**Records for this task:**
——

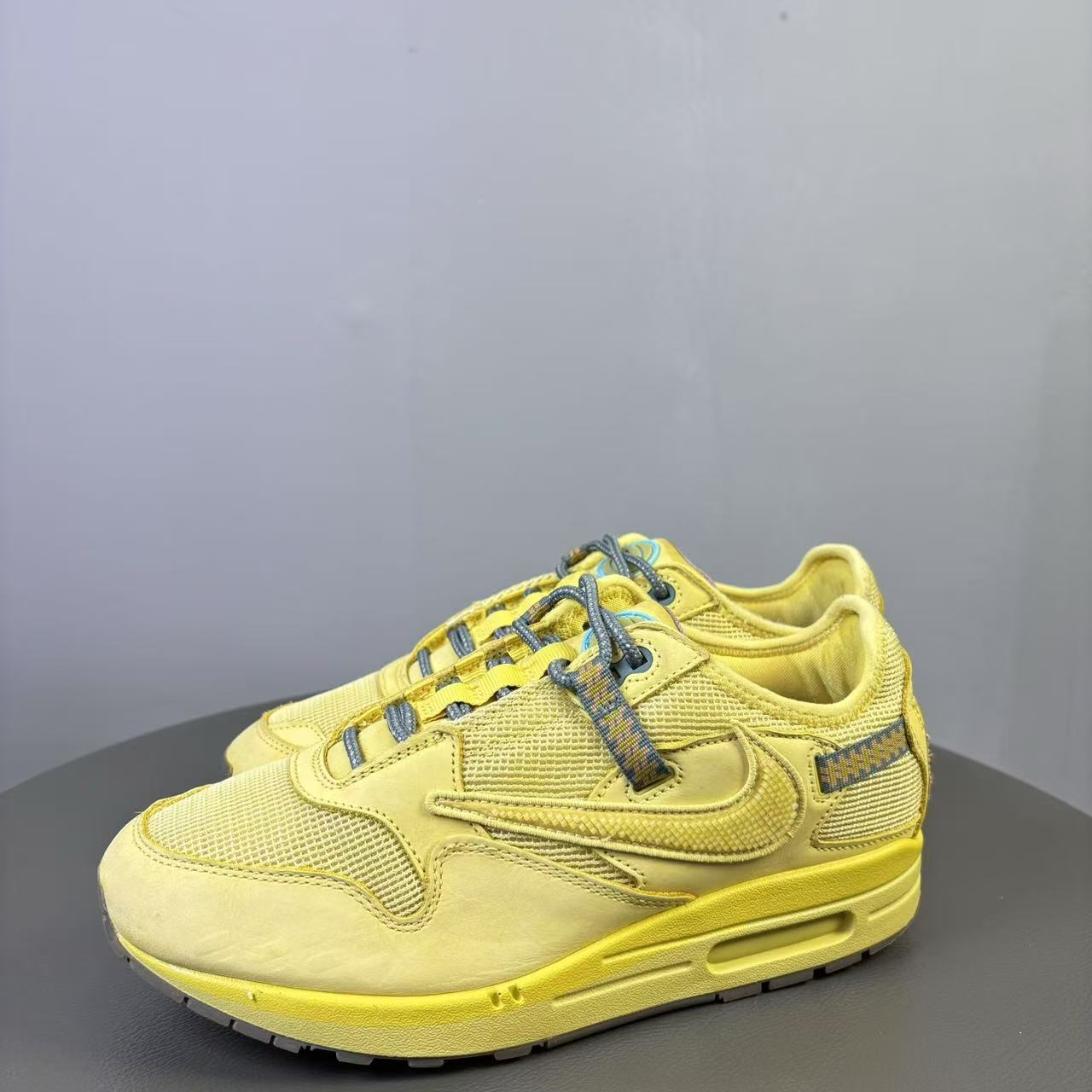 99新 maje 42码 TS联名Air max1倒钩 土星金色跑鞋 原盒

——

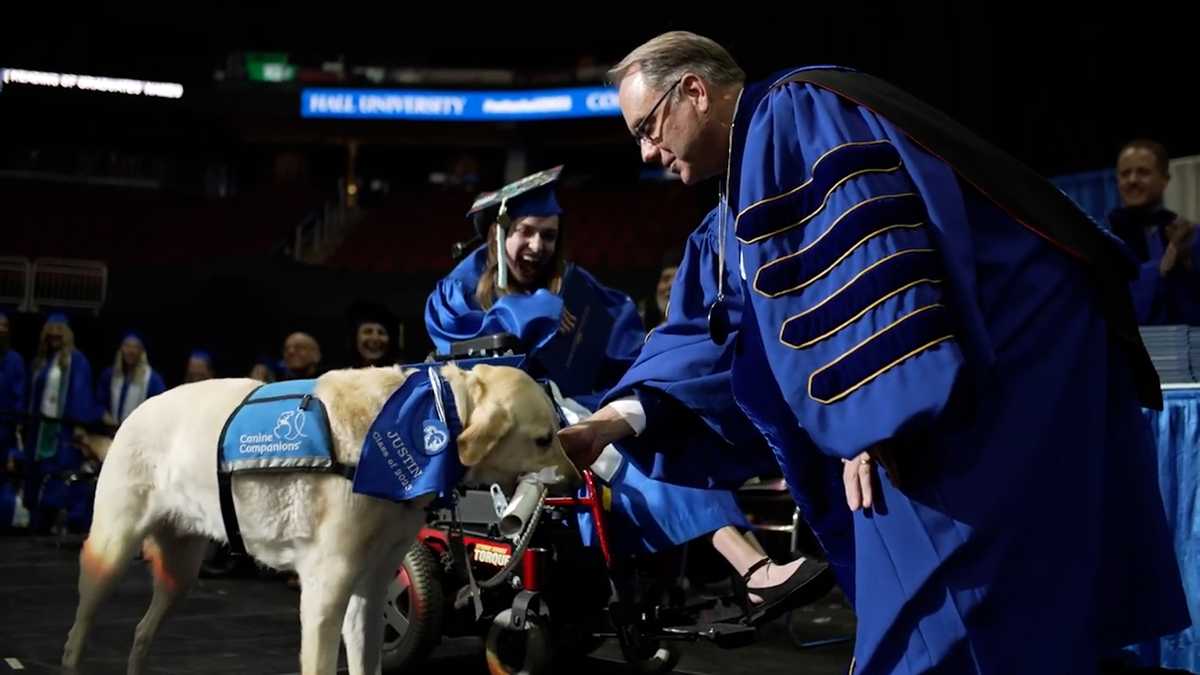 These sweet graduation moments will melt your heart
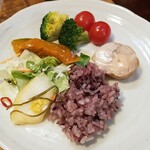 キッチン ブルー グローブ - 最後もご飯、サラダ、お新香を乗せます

——

Starting at the line above that holds "These sweet graduation", repeat every line exactly down to and including the line that holds "キッチン ブルー グローブ - 最後もご飯、サラダ、お新香を乗せます", then stop. Do not carry over any pictures.

 These sweet graduation moments will melt your heart
 キッチン ブルー グローブ - 最後もご飯、サラダ、お新香を乗せます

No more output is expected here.